– Господин Отори – добрый человек, госпожа. Не нужно бояться. Никто не причинит вам вреда.
Каэдэ промолчала, не посмев открыть рта, потому что единственное слово, которое она хотела произнести, было имя юноши.
Такео.
Шизука пыталась заставить девушку поесть – сначала подала горячий суп, чтобы согреть ее, затем холодные макароны, чтобы остудить – но Каэдэ ничего не могла проглотить. Шизука уложила ее в постель. Госпожа дрожала под стеганым одеялом, глаза светились, кожа высохла, тело жило какой-то своей, неведомой жизнью.
В горах гремел гром, воздух пропитался влагой.
Встревоженная Шизука послала за госпожой Маруямой, которая привела с собой старика.
– Дядя! – восторженным криком поприветствовала его Шизука.
– Что случилось? – спросила госпожа Маруяма, села на колени рядом с Каэдэ и положила руку на ее лоб. – Она вся горит. Наверное, простудилась.
– Мы тренировались, – начала объяснять Шизука, – увидели, как приехали Отори, и ее словно молнией ударило.
– Можешь дать ей что-нибудь, Кенжи? – спросила госпожа Маруяма.
– Она боится свадьбы, – тихо сказала Шизука.
– Я могу вылечить лихорадку, но это мне не подвластно, – ответил старик. – Я прикажу заварить травы. Чай успокоит ее.
Каэдэ недвижимо лежала с закрытыми глазами. Она четко слышала все слова, но для нее они доносились из другого мира, из того мира, откуда ее вырвали, когда она поймала взгляд Такео. Она поднялась попить чаю, Шизука держала ей голову, а затем погрузилась в беспокойный сон.
Ее разбудил прокатившийся по долине гром. Наконец разразилась гроза, и забарабанил дождь, звеня по черепице и заливая мощенные булыжником дороги. Девушке снился яркий сон, улетучившийся, как только она открыла глаза, но оставивший смутное понимание, что родившееся в ней чувство – любовь.

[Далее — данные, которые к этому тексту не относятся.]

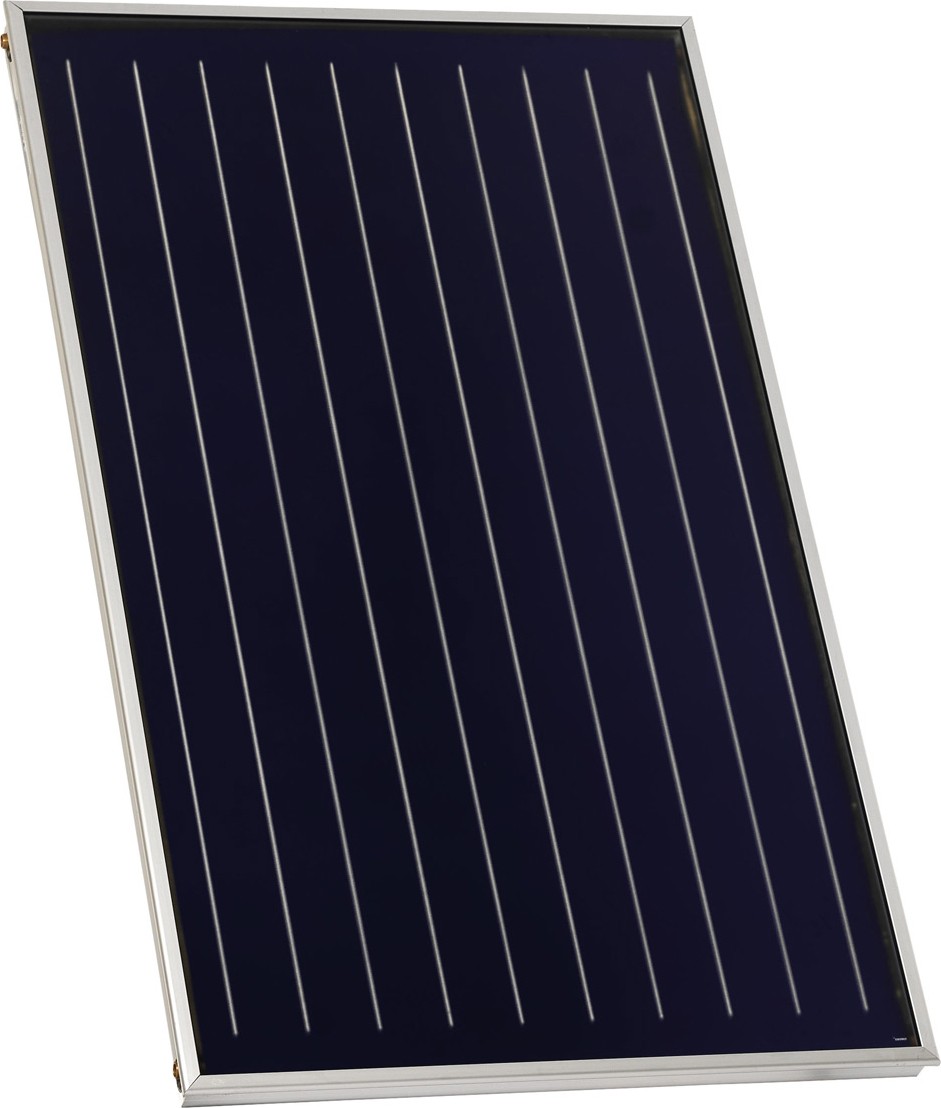 Origo 613 Düzlemsel Güneş Enerjisi Paneli (Su Isıtma Için Kollektör)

Сначала она изумилась, затем заликовала, потом отчаялась. Она подумала, что умрет, если увидит его еще раз, и тут же поняла, что умрет, если не увидит. Каэдэ корила себя: как можно готовясь выйти замуж за одного, влюбиться в другого?
Замуж? Я не могу выйти за господина Отори. Я не выйду ни за кого, кроме Такео.
Так подумала Каэдэ и засмеялась над собственной глупостью. Будто кто-то женится по любви. Это катастрофа, подумала она. Но мысль тут же сменилась другой: как такое чувство может быть катастрофой?
Когда пришла Шизука, Каэдэ заявила, что совсем поправилась. В самом деле, температура спала, оставив после себя страсть, от которой горели глаза и пламенела кожа.
– Вы прекрасней, чем когда-либо! – воскликнула Шизука, умыв ее и одев в одежды, приготовленные для помолвки, для первой встречи с будущим мужем.
Госпожа Маруяма заботливо поинтересовалась ее здоровьем и с облегчением вздохнула, узнав, что Каэдэ выздоровела. Однако девушка почувствовала, как нервничает госпожа, сопровождая ее в лучшую комнату гостиной, занятую господином Отори.
Слуги открыли двери, и Каэдэ услышала, как разговаривают мужчины, но они замолчали, едва она вошла. Девушка поклонилась до пола, ощущая на себе взгляды, но не смела посмотреть ни на кого из присутствующих. Каждой жилкой она чувствовала биение сердца, которое стучало все быстрей.
– Госпожа Ширакава Каэдэ, – произнесла госпожа Маруяма холодным тоном, и девушка снова не поняла, отчего ее родственница так злится. – Госпожа Каэдэ, я представляю вас господину Отори Шигеру, – продолжила она столь тихо, что ее едва можно было расслышать.
Каэдэ поднялась.
– Господин Отори, – проговорила она и подняла глаза, чтобы лицезреть мужчину, женой которого ей предстояло стать.
– Госпожа Ширакава, – вежливо сказал он. – Мы слышали, что вы неважно себя чувствуете. Вам уже лучше?
– Спасибо, мне действительно хорошо.
Каэдэ понравилось его доброе лицо. Он стоит своей репутации, подумала она. Но как могу я выйти за него?
Румянец подступил к ее щекам.
– Эти травы никогда не подводят, – проговорил мужчина слева от Отори. Она узнала старца, который приготовил ей чай, Шизука назвала его дядей. – Госпожа Ширакава славится своей красотой, но ее слава ничто по сравнению с явью.
– Вы льстите ей, Кенжи, – сказала госпожа Маруяма. – Если девушка не мила в пятнадцать, то никогда не будет красивой.